Scraped caption text data
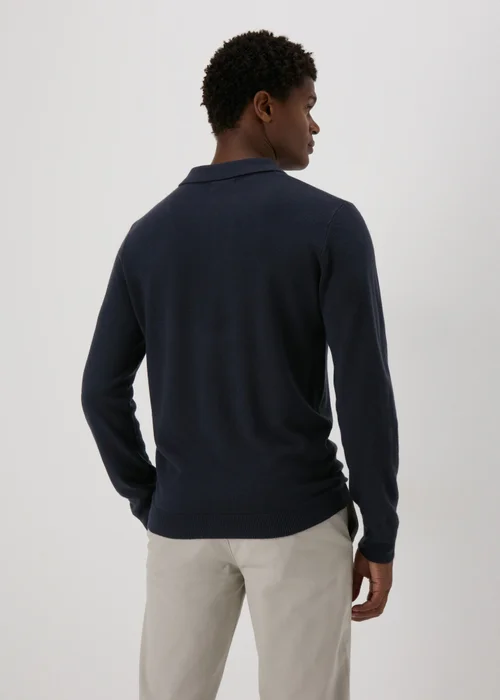 Navy Knitted Polo Shirt - S Image 2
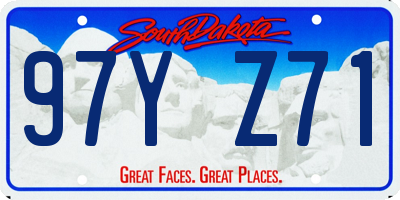 SD license plate 97YZ71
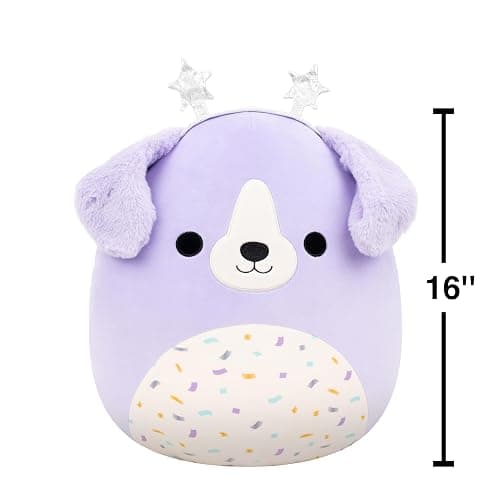 Squishmallows Original 14in Deontay The Purple Retriever with Birthday Confetti Belly and Star Headband – Official Jazwares Plush (Large) thumbnail 3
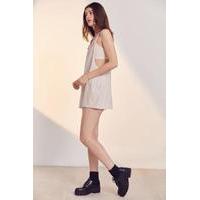 silence noise lauren linen grey overall playsuit grey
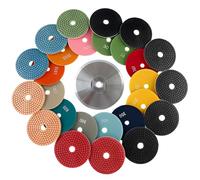 3inch 75mm Diamond Water Polishing Pad, 13 Different Grit 30#-3000# Sanding Discs & M10 Thread Hook and Loop Back Aluminum Holder for Grinding Buffing Granite Marble Concrete Stone (14PCS/SET)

--- What the task requires ---
If pictures appear, drop them, and retype exactly the lines from the "silence noise lauren" line through the last line of the data above.

--- Task output ---
 silence noise lauren linen grey overall playsuit grey
 3inch 75mm Diamond Water Polishing Pad, 13 Different Grit 30#-3000# Sanding Discs & M10 Thread Hook and Loop Back Aluminum Holder for Grinding Buffing Granite Marble Concrete Stone (14PCS/SET)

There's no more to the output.